Let's look at a genre that's very popular right now. It's called Vampire Romance, and at its root is the novel Twilight by Stephanie Meyer. The novel itself is the first in a five-part series – I'll get to series later – but it has spawned hundreds, if not thousands, of derivative works. Vampires in general have been in vogue for a while, in large part because of works like Interview With The Vampire by Anne Rice. Ultimately, all of these works stem from Bram Stoker's Dracula, first published more than 100 years ago and immortalized by the 1931 film of the same name. Vampires themselves, however, come from folklore that originated centuries earlier.

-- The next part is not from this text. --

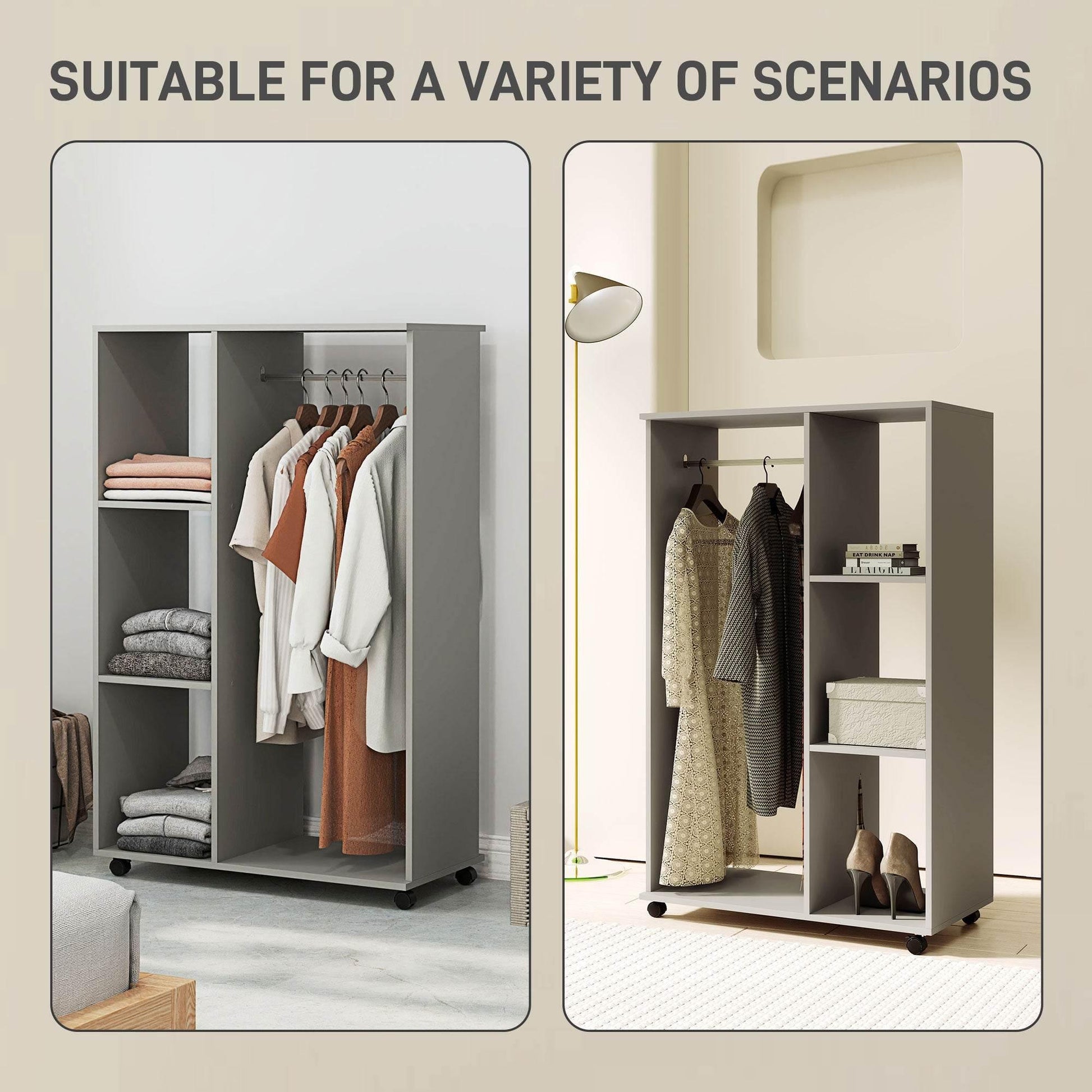 Mobile Grey Open Wardrobe with Clothes Rail and Shelves - Versatile Garment Rack on Wheels for Bedroom and Hallway - ALL4U RETAILER LTD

Other authors, in particular Jeff Kinney and James Patterson, gave me my initial ideas for Joshua, but as the story developed, it resembled the works of those authors less and less and started to look more and more like my own life as a child. There were clearly a lot of emotions in me that were looking for a way to surface, and when I started to write a few stories about a 12-year-old boy, they found their way out.

A few of the scenes in Joshua were taken directly from my own experiences, but most of the story arose from feelings about my experiences, rather than the experiences themselves, and the empathy I feel for other children who struggle as I did. My brief experience as a high school teacher provided some of the ideas, while my experiences as a parent provided others. The story is fiction, but the feelings, my own and the feelings I've sensed in others, are real.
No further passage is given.